I am in the market for a hi output alternator...Problem is, it appears that there's no such thing for my truck...I've got an '89 Ford F250 with a 300 I-6...I can only go as high as 75 amps from the local parts houses and my local rebuilder said he can only go as high as 100 amps, and that I would need to put as big of battery as possible in there...he's been told through his rebuilders association that they do get hot and will burn a truck to the ground if not watched...

Any other suggestions? Ya, 25 amps makes a difference, but how much? I had a 100 amp in my 83 Bronco when I had this plow on there, ya it helped a little, but not as much as I would have liked....it still would stall if I had a big job to do....

He said due to the internal regulator in there, that causes the big problem...is it possible to go to the style where the regulator was seperate? May be more involved than I want though...


THANKS!
Phil


----------



## thelawnguy (May 20, 2001)

What are you adding to the truck which requires a HO alternator? There may be better alternatives, and cheaper, depending on the usage, such as smaller pulley, larger and/or dual batteries, etc.


----------



## SCAPEASAURUSREX (Aug 21, 2001)

Phil,

I found a place down in florida that custom builds hi output alternators . I got a 200 amp unit for my F250 ( 351W ) about two years ago.. The only problem with the hi output alternators is that they actually put out less juice at idle and low rpms.. they give you the juice when the rpms are up.. Ideally you want the hi output alternator with a dual battery setup that uses a matched isolator .. By matched I mean if it's a 200 amp alternator , get a 200 amp isolator.. I think the company was startech or startach ?? I will look for it and let you know.. they were very helpfull..


----------



## SCAPEASAURUSREX (Aug 21, 2001)

*FOUND IT !!!*

Phil,

it's www.gostartech.com Their # is ( 954) 943-1200


----------



## bytor (Nov 8, 2001)

Semi-related:

When I bought my 99 F350 PSD, I noticed that the literature showing off the engine always shows a second alternator on the bottom. Try as I might, I couldn't get them to put that second alternator on my truck. It's apparently only available for the ambulance chassis and I think they said it's available on the Excursion (Who's the clown who must've complained that the Suburban needed to be 18" longer and a good 1k lbs heavier?).
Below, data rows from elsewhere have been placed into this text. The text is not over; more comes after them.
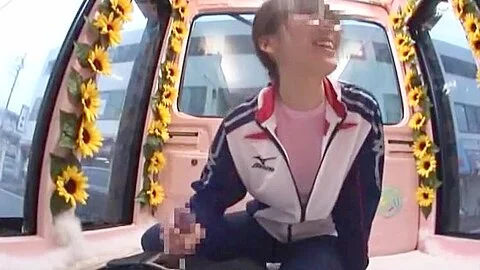 Exotic Japanese chick in Amazing Bus JAV clip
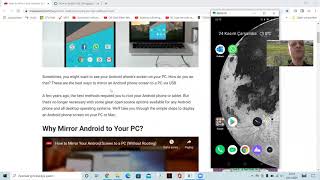 Android telefonu bilgisayar ekranına yansıtma ve telefona Web geliştirici izni verme (USB debugging)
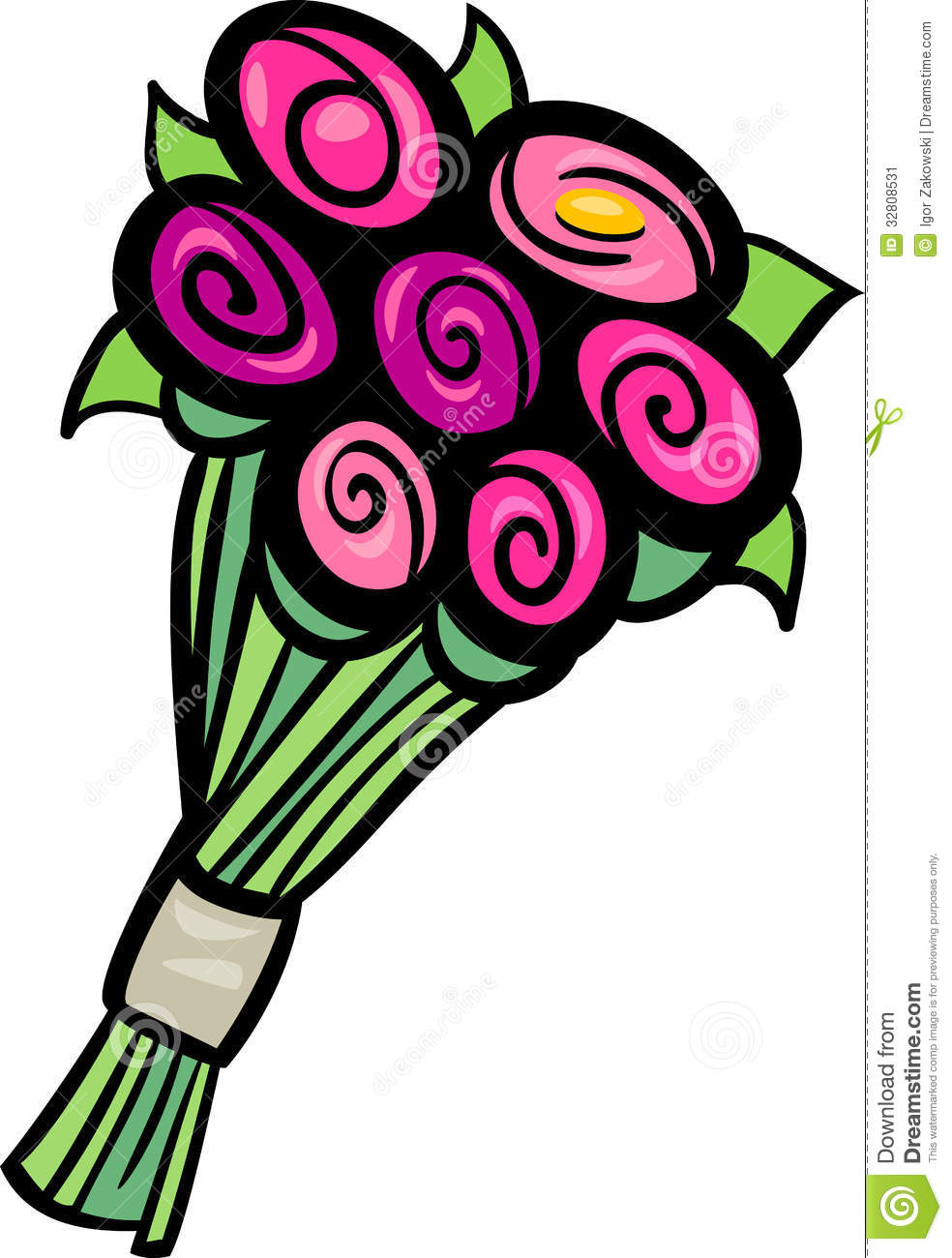 Detail Bouquets Of Flowers Clip Art Nomer 32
Since my factory-ordered truck didn't arrive by the time I had to have it (after about 3 months), I ended up getting one off another lot that wasn't quite what I wanted (ordered truck arrived the next day -- I told 'em to keep it). Now that the warranty's expired on this one, I'm starting to look at ordering a new one. Hopefully the dual alternators (I think they're 100 amps each) will be available. I don't have to have that much wattage, but I do like to get every option, and that sure seemed a handy one. Alternators go all the time. Two at a time? That'd be pretty unlikely. Besides, I'd really like to put a LOT of lights on the next one, and it'd be nice having no functional candlepower limit.


----------